▸ **Records from a data collection**:
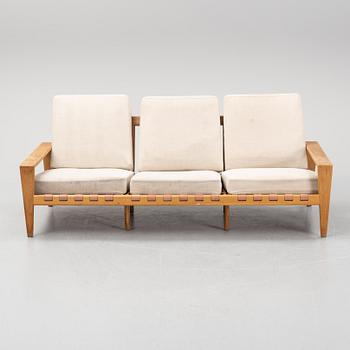 Svante Skogh, an oak sofa, Seffle Möbelfabrik, Sweden, 1960s.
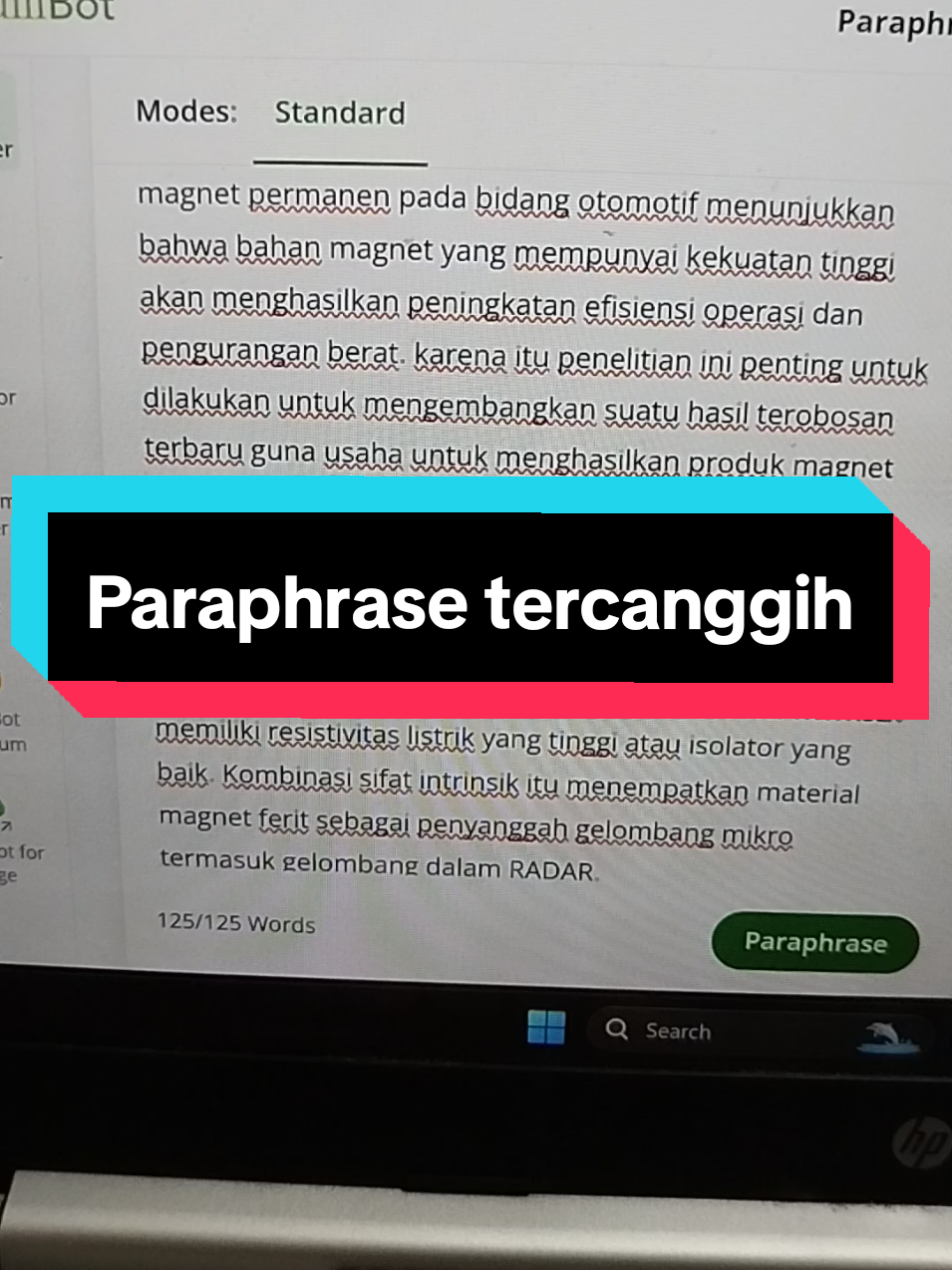 quillbot AI keren banget weh #paraphrase #quillbot #ai #AI #skripsi #tesis 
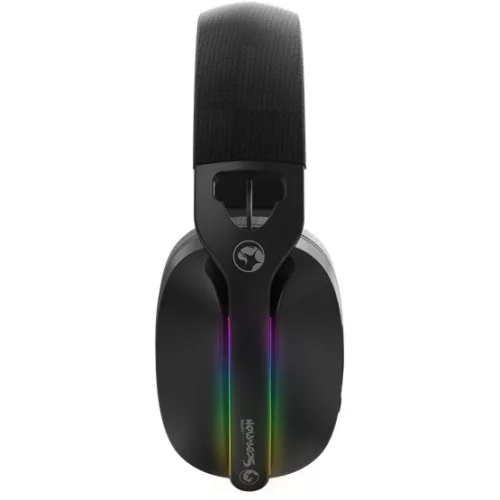 MARVO Pulz 70S vezetékes fejhallgató - fekete - RGB világítás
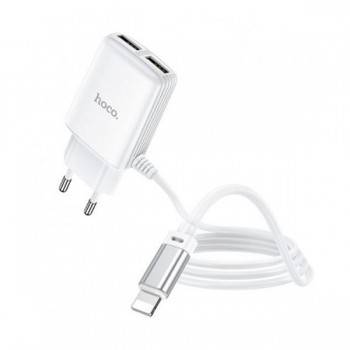 Chargeur Hoco C82A 2.4A Type-C 2 Ports USB- prix tunisie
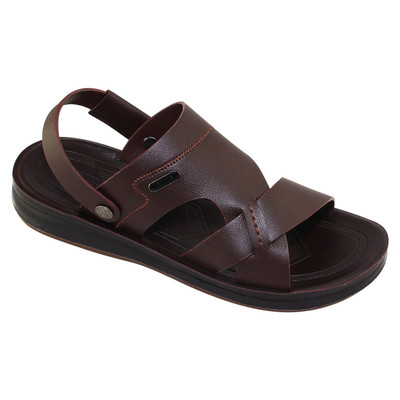 Sandal đế bằng nam Bita's SUM.121 (Nâu + Đen + Vàng bò)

▸ **YOUR GOAL**: Although the records contain pictures, the copy should hold only their text, reproduced exactly.

▸ **TASK RESPONSE**:
 Svante Skogh, an oak sofa, Seffle Möbelfabrik, Sweden, 1960s.
 quillbot AI keren banget weh #paraphrase #quillbot #ai #AI #skripsi #tesis 
 MARVO Pulz 70S vezetékes fejhallgató - fekete - RGB világítás
 Chargeur Hoco C82A 2.4A Type-C 2 Ports USB- prix tunisie
 Sandal đế bằng nam Bita's SUM.121 (Nâu + Đen + Vàng bò)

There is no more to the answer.